Perchè viene utilizzato il Bund? Semplicemente perchè è considerato il titolo meno rischioso di tutta l’Eurozona (a livello mondiale, si considera il Treasury americano) ed è definito come risk-free (ossia a rischio zero, sebbene questo concetto non sia totalmente vero) poiché il rischio di un default tedesco, e quindi il mancato pagamento del capitale investito nel Bund è talmente remoto che viene considerato pari a zero. Lo spread viaggia di pari passo con la curva dei rendimenti, ossia quella curva matematica che traccia il livello dei rendimenti dei titoli di Stato italiani, partendo da quelli con scadenza a 3 mesi, fino ad andare a quelli con scadenza a 30 anni.

Nello spread viene presa come parametro di riferimento la scadenza a 10 anni poichè è considerata abbastanza lunga per fare proiezioni a lungo termine, ed è meno condizionata dalle notizie di mercato (rispetto per esempio ad un BOT a 3 mesi) e si può meglio definire la possibilità di un paese di dichiarare default o meno. Maggiore è il valore di questo rendimento (per l’Italia ora è all’incirca a 5.7%, mentre quello tedesco è a circa 1.8%) peggio è per il paese che ha emesso questo titolo. Mi spiego meglio: man mano che il rischio di un paese aumenta, gli investitori pian piano evitano di comprare i titoli di quel paese, poichè il rischio di insolvenza diventa sempre maggiore e quindi il rendimento non è piu considerato adeguato. L’unico modo per lo Stato per “piazzare” in ogni caso questi titoli è quindi quello di aumentarne il rendimento, in modo da convincere l’investitore a comprare in ogni caso il Titolo. In questo modo però, si innescano due problemi: il primo è che in questo caso, lo Stato dovrà pagare interessi maggiori (i 5,7% Italiani attuali per esempio) per i titoli “venduti” agli investitori con un conseguente aumento della spesa pubblica che grava come un macigno sul debito (per noi una vera spada di damocle), il secondo è che man mano che questo rischio aumenta, i rendimenti salgono talmente tanto che gli investitori non accettano questi titoli nemmeno per rendimenti veramente elevati (ed è il caso della Grecia), per cui lo Stato non riesce piu a reperire liquidi sul mercato innescando un problema di liquidità.

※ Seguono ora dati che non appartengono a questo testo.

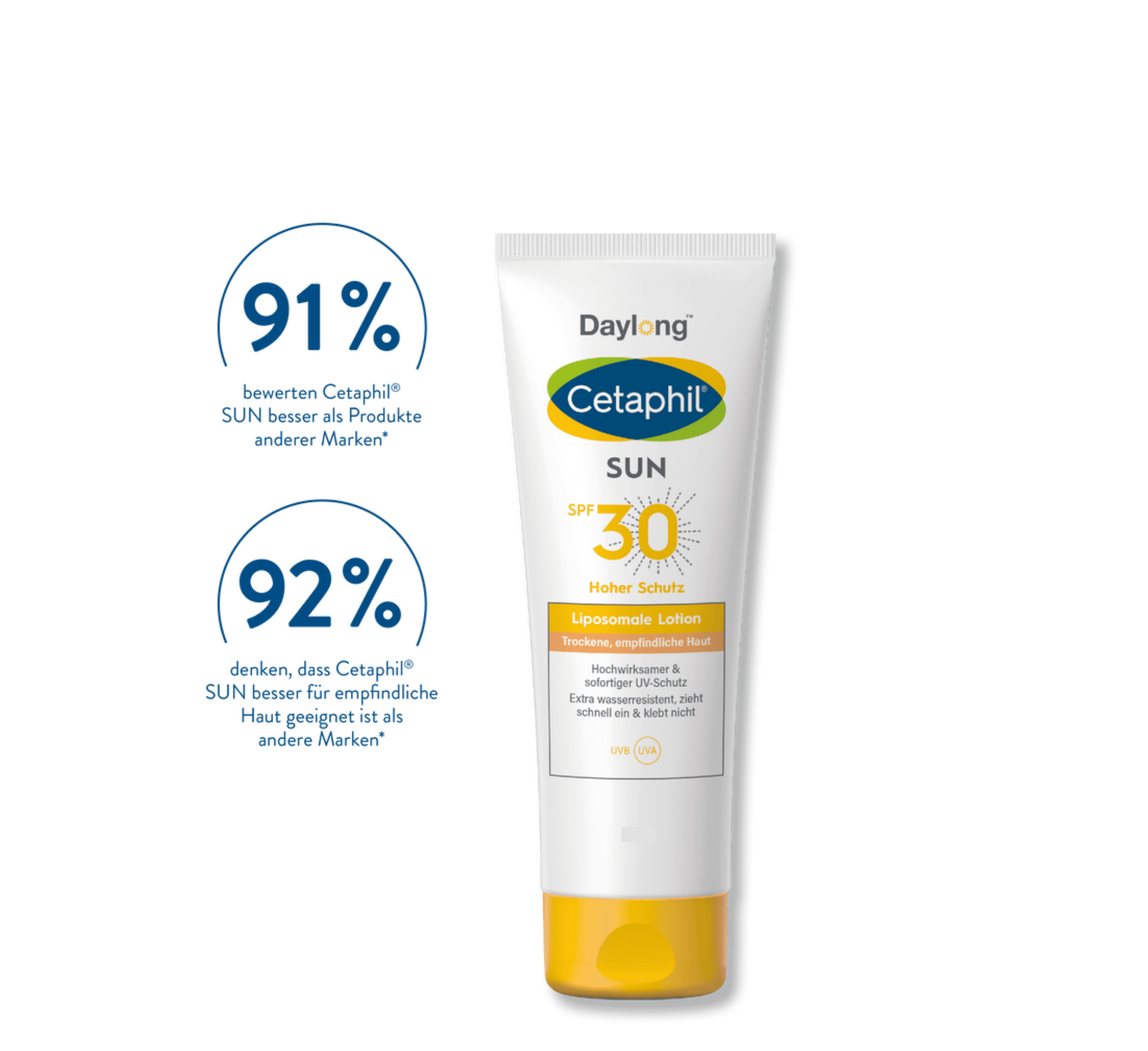 Cetaphil SUN Liposomale Lotion Spf 30 *200ml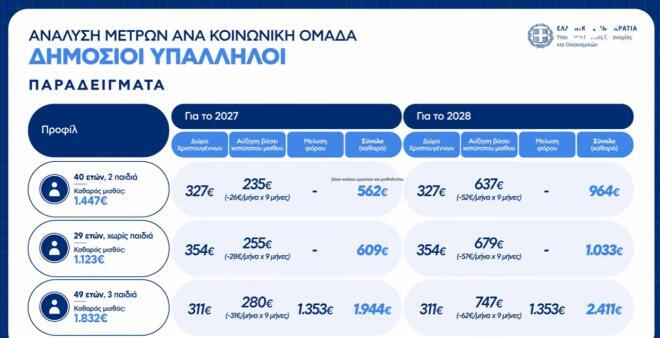 Τα μέτρα που ανακοινώθηκαν στη ΔΕΘ για τους δημοσίους υπαλλήλους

E’ bene evidenziare questo punto, perché questo è il rischio che più dovrebbe preoccupare l’Italia e non, come erroneamente riportato da moltissimi media, il rischio default. In caso l’Italia dovesse affrontare un problema di liquidità, l’Eurozona potrebbe avere serissimi problemi a concedergli un bail-out(prestito) come già fatto per Grecia, Portogallo ed Irlanda, vista la mole di debito da emettere dell’Italia.

Tutto ciò ci riporta allo spread e chiarisce meglio la situazione: visto che il rendimento dei titoli italiani aumenta, aumenta anche lo spread. Tutto così semplice? Non proprio. Visto che siamo in un periodo in cui la paura sui mercati è assai elevata, gli investitori corrono sempre più verso i cosiddetti beni rifugio: franco svizzero, oro e per l’appunto bund tedesco. Per cui gli investitori non solo “scappano” dai titoli di stato italiani, ma comprano titoli di stato tedeschi (nonostante abbiano rendimenti netti al tasso dell’inflazione addirittura negativi); questo significa che la curva dei rendimenti dei Bund scende, per cui si allarga anche in questo caso lo spread. Pure ipotizzando che i rendimenti italiani rimangano stabili, assisteremmo in ogni caso all’aumento dello Spread.

Tutto questo, significa che lo spread è spesso un indicatore assai incompleto e in alcuni casi fuorviante: se domani il rendimento tedesco scendesse di 10 punti, mentre quello italiano “solo” di 5 punti, assisteremmo ad un aumento dello Spread di 5 punti nonostante si sia verificato un calo dei rendimenti dei titoli italiani (che è quello che vorremmo sempre vedere attualmente).  Trovo per cui sbagliato ragionare sullo Spread come un parametro isolato,ma dovrebbe essere sempre accompagnato dall’effettivo rendimento dei titoli di stato.

Per cui ora abbiamo un panorama piuttosto completo, i CDS, i rendimenti dei titoli di Stato, lo spread e le agenzie di rating, sono tutti parte di un puzzle che contribuisce a determinare il rischio di un paese di andare in default.